## Task item
For the entries below, print exactly the lines between the line holding "229 Miller Road" and the line holding "原创刘亦菲近照被调侃没包袱18岁就有仙女颜素颜难到不正常", inclusive, and nothing else.

Web page caption snippets:
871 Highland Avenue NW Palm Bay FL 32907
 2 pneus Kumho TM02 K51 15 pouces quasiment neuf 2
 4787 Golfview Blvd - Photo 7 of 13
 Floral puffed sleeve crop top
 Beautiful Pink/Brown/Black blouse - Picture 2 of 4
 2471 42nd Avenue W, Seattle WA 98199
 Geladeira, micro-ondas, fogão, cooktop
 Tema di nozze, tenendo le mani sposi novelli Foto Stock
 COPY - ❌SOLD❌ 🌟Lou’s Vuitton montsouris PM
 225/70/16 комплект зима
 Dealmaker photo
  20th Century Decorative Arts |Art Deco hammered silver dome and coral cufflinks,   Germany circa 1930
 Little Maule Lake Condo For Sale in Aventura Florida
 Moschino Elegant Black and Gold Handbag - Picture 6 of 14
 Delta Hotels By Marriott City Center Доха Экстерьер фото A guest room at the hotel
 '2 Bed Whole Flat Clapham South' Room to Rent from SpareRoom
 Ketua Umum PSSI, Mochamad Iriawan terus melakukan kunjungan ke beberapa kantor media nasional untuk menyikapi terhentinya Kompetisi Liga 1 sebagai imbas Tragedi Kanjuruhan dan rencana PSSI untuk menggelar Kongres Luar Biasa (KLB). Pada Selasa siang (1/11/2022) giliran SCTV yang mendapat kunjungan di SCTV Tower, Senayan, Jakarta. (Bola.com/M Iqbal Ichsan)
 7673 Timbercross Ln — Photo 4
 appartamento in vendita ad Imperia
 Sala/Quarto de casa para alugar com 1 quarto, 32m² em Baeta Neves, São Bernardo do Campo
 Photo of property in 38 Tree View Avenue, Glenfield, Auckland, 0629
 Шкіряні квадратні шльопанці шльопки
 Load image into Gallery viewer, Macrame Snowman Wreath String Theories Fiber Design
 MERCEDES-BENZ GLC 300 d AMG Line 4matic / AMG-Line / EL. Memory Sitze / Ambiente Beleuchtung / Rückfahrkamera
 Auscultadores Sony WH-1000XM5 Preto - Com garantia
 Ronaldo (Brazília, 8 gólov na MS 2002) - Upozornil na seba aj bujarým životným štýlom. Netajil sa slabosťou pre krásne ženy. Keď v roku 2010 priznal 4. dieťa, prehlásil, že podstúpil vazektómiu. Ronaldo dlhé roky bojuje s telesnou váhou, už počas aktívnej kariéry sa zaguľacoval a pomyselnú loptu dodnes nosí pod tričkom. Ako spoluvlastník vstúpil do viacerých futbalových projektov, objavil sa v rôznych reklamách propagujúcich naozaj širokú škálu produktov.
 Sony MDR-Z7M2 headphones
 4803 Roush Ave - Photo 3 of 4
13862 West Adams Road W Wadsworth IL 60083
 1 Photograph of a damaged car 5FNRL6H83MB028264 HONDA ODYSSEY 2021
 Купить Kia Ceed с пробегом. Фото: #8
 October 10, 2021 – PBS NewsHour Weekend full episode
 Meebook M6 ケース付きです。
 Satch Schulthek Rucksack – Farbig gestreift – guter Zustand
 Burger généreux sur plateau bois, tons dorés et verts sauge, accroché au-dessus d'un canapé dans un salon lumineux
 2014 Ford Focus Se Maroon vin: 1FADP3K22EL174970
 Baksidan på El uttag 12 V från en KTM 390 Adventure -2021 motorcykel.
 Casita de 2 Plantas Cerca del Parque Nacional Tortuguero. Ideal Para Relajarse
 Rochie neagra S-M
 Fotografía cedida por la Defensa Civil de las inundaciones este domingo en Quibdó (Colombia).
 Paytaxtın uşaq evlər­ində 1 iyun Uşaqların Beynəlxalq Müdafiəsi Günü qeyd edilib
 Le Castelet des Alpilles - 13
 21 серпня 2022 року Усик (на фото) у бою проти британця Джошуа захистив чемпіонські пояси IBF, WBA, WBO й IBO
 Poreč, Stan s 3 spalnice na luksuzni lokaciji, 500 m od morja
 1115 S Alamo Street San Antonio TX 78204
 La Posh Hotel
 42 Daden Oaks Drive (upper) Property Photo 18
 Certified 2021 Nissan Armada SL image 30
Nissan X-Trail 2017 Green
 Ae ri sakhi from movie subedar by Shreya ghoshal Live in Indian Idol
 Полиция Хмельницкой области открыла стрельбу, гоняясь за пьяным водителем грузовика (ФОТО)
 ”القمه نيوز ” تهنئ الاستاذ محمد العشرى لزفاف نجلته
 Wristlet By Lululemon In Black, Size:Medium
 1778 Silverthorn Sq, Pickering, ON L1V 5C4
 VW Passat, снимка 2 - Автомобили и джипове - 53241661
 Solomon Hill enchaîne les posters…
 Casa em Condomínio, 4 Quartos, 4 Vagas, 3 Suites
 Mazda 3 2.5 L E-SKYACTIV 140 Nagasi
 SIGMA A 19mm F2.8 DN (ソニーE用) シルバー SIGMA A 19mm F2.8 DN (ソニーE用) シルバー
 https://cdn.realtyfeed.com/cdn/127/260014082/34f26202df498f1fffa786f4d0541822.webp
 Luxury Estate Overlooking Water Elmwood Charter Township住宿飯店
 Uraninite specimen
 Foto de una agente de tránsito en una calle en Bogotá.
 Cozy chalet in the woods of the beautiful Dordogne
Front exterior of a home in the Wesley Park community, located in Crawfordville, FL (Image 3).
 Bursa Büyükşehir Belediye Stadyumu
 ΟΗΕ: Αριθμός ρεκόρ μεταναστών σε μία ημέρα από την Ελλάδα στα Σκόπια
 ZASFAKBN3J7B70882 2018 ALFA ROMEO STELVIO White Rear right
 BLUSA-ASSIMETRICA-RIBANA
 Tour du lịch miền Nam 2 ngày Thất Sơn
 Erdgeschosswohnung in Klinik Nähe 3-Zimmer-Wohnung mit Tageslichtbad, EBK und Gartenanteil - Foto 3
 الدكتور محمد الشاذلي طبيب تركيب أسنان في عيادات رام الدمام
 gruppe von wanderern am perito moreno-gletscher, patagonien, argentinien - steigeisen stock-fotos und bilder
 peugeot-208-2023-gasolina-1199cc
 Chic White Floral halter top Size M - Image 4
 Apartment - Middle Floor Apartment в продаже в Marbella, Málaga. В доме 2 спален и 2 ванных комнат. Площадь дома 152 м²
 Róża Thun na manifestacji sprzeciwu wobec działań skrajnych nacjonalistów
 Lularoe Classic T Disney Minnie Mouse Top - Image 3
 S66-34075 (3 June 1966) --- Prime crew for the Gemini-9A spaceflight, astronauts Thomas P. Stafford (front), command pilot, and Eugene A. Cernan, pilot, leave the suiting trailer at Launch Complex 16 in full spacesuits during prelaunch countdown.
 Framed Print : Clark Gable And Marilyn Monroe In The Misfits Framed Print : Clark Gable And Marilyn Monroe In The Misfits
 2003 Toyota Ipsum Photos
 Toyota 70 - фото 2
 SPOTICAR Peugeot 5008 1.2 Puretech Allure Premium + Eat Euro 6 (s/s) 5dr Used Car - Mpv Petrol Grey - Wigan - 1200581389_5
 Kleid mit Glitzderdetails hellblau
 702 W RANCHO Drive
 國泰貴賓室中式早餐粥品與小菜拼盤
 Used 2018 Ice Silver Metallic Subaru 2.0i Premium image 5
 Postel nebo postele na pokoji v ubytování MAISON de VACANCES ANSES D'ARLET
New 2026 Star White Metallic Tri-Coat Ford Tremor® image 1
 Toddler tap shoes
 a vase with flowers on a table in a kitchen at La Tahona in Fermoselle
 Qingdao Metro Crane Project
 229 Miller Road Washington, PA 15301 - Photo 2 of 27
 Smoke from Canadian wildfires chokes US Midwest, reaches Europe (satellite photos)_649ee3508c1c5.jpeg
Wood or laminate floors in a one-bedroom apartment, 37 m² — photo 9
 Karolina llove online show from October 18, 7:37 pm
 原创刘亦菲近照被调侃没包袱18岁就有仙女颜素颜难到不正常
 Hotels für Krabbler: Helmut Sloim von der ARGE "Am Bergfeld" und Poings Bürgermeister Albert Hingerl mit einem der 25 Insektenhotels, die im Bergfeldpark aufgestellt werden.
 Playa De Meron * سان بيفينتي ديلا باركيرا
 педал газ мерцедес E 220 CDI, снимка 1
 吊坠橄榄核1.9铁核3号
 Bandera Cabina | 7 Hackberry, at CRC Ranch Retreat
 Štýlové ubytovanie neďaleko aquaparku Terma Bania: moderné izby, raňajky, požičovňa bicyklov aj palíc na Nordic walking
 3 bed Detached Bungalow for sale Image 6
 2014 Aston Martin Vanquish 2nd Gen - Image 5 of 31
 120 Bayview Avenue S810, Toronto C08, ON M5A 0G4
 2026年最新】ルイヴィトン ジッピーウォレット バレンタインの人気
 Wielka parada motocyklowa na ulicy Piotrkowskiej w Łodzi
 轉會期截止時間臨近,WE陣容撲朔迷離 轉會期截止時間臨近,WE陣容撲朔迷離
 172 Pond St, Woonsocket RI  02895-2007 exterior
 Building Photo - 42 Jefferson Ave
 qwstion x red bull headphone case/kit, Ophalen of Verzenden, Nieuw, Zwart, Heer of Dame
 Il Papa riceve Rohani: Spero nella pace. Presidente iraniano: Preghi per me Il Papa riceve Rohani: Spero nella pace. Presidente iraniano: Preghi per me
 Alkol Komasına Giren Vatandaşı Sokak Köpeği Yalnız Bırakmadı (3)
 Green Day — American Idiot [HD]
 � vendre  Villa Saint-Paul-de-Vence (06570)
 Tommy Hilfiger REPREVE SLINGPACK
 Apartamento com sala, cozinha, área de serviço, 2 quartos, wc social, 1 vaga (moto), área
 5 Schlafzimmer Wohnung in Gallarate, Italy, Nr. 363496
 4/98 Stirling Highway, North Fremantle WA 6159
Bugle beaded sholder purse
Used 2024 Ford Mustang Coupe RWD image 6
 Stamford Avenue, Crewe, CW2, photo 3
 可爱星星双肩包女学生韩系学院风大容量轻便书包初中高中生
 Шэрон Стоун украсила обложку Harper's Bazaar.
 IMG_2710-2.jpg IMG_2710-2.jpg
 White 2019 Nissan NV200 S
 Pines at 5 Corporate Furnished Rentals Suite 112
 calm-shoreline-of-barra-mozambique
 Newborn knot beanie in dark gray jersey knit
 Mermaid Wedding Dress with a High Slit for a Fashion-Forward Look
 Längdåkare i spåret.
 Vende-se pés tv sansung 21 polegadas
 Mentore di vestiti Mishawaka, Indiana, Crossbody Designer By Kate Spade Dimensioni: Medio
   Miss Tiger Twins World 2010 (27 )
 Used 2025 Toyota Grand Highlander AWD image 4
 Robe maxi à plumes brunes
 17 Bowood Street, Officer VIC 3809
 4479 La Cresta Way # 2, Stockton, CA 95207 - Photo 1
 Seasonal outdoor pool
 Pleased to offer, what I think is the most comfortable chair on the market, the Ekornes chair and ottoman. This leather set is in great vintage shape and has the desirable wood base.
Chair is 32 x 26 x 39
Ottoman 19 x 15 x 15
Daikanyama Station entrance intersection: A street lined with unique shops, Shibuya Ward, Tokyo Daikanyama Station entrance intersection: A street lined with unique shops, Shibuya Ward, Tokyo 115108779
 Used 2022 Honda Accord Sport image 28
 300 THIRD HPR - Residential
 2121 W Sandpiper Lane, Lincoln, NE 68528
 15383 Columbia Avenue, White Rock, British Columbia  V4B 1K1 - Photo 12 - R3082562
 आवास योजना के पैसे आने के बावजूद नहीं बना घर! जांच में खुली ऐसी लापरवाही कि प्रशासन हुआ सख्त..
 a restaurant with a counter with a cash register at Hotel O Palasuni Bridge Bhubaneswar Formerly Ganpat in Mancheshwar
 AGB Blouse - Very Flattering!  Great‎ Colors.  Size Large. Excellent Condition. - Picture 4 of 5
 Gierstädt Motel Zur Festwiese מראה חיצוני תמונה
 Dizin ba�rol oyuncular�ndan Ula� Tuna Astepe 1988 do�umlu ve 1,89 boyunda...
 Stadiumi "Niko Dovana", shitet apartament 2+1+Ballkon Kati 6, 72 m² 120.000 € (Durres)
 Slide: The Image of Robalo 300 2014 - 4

## Exercise solution
 229 Miller Road Washington, PA 15301 - Photo 2 of 27
 Smoke from Canadian wildfires chokes US Midwest, reaches Europe (satellite photos)_649ee3508c1c5.jpeg
Wood or laminate floors in a one-bedroom apartment, 37 m² — photo 9
 Karolina llove online show from October 18, 7:37 pm
 原创刘亦菲近照被调侃没包袱18岁就有仙女颜素颜难到不正常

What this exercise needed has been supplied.